Are Craigslist apartment shoppers brain dead?

There are currently 26 ads on Craigslist with the phone number 312-600-7356. All of those ads are for luxury condos with identified addresses. All of the ads I sampled contained a statement that “We are licensed Illinois Realtors…”

That ought to be enough to make you comfortable in picking up the phone and calling, right? Wrong.

Your first and biggest warning flag should be that there’s no name in the ad despite the Illinois Real Estate License Act prohibition against blind ads by real estate licensees.

If you conduct a web search for the phone number you’ll find ads that associate one “Vanessa Orozco” with the number.

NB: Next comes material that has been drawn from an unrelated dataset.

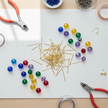 Gold headpins in a craft workspace flat lay with glass beads and jewellery making tools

If you search the IDFPR database of state-licensed real estate agents and the MRED database of local Realtors, you won’t find anyone named Vanessa Orozco.

I called the phone number and the answering message did not identify the firm or person associated with the number, but assured me that an agent would call me back within 30 minutes. I left a voice message inquiring about one of the advertised properties. Nearly an hour has passed and there’s been no return call.

It’s trivially easy to find every rental high-rise in Chicago’s South Loop to Lakeview lakefront neighborhoods, and just as easy to identify local brand-name major real estate brokerage firms.

Given the number of abusively-repetitive bait-and-switch ads from Chicago rental services and from outright scammers, I think you’d have to be brain dead to search for a luxury apartment on Craigslist.

Can anyone make a reasoned argument for using Craigslist?